Exercise requirements
Start at the line containing "Photo - 437 W Bringhurst St Unidad 1st Floor" and transcribe every line exactly through the end of the records below, and only those lines.

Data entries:
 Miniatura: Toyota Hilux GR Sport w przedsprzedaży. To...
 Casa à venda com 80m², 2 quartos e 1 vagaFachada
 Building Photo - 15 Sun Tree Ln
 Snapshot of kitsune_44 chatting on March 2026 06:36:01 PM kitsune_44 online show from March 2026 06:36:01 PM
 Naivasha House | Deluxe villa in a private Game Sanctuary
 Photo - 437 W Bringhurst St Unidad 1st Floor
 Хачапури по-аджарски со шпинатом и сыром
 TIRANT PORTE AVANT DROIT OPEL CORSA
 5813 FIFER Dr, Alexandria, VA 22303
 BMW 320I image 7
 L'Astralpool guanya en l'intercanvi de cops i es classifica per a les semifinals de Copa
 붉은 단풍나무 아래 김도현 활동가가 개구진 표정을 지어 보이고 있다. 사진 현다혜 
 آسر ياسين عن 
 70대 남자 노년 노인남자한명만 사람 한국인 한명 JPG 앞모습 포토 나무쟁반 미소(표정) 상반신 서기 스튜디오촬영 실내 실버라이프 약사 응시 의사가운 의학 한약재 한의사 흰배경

Response area
 Photo - 437 W Bringhurst St Unidad 1st Floor
 Хачапури по-аджарски со шпинатом и сыром
 TIRANT PORTE AVANT DROIT OPEL CORSA
 5813 FIFER Dr, Alexandria, VA 22303
 BMW 320I image 7
 L'Astralpool guanya en l'intercanvi de cops i es classifica per a les semifinals de Copa
 붉은 단풍나무 아래 김도현 활동가가 개구진 표정을 지어 보이고 있다. 사진 현다혜 
 آسر ياسين عن 
 70대 남자 노년 노인남자한명만 사람 한국인 한명 JPG 앞모습 포토 나무쟁반 미소(표정) 상반신 서기 스튜디오촬영 실내 실버라이프 약사 응시 의사가운 의학 한약재 한의사 흰배경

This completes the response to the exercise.